Consider a modified broad match keyword set consisting of keywords like +Red +Widget. Ensuring coverage of all long tail, lower funnel queries like “[widget maker] 123456 v4.201 2.2Hz prices” would require both bid boosting to limit rank loss and budget expansion to accommodate additional clicks. This approach can be costly, considering such a large reduction in rank loss impressions is often not profitable from an ROAS perspective.

One situation we came across for a similar type of keyword set would have required an estimated $30,000 in incremental budget to fully fund all query coverage. Instead of taking this approach, we chose to be more tactical. We built and optimized a keyword set to capture impression share on upper-to-mid funnel queries, layering in DSA to capture the lower funnel queries.

The result was a 95% discount in cost compared with the 100% impression share strategy, and the successful capture and conversion of low demand and unique queries.

Following the previous example, it’s clear how capturing low demand and/or long tail search queries by pursuing 100% impression share on a number of keywords across match types can lead to inflated a cost-per-acquisition (CPA). Because DSA uses Google’s organic technology and serves on a basis of relevance and bid, we’ve observed very precise targeting of lower funnel queries while avoiding the low search volume and inflated CPA problem.

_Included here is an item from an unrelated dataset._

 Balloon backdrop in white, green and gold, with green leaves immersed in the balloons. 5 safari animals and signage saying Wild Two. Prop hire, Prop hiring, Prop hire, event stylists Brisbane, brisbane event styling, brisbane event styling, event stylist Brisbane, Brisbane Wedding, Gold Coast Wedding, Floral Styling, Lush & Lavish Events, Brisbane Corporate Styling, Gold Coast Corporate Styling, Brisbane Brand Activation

In our example, capturing lower funnel queries using DSA led to an 80% lower CPA when compared with the estimated CPA at 100% impression share.

Another well documented benefit of DSA is the access it provides to valuable search query data. Traditional search query data is limited to your current keyword coverage. Since DSA serves based on your website’s page content, it can provide a proxy view into organic search terms.

The analysis of DSA query data is very important in order to keep a DSA program efficient, lean, and targeted at low volume terms as well as to improve user experience. By analyzing and parsing DSA search queries, high-volume core terms and modifiers can be identified as candidates to purchase outright in a keyword buy.

It has been our experience in this example that managing upper funnel queries with DSA can lead to degraded user experience. When there is an extensive product offering and a tremendous number of landing pages, DSA often fails to provide the optimal experience for upper funnel queries.

Going back to our red widgets, think of DSA’s ability to target the query “great red widgets.” Although we do have the ability to control portions of the ad copy by segmenting parts of the site into ad groups, our control over the messaging is still limited. Though we might like to test an ad highlighting our breadth of widgets and a strong call to action, there will inevitably be instances of generic ads served for widget-specific queries.

In terms of landing page experiences, we have very little, if any, control. While we might like to test sending these customers to a higher level page that describes our red widget offerings, DSA might send customers straight to one specific red widget. Because of the lack of control over user experience in this example, we prefer to segment these queries into a traditional search campaign structure where A/B testing can determine the best user experience.

In summary:

  1. DSA is great for AdWords accounts covering an immense number of products, which, if targeted through keywords, would have low search volume.
  2. In some situations, DSA can help lower the CPA for low volume queries compared with conventional methods focused on capturing a high percent of market impressions.
  3. DSA search query data analysis can provide a wealth of insights into evolving user search habits and behavior.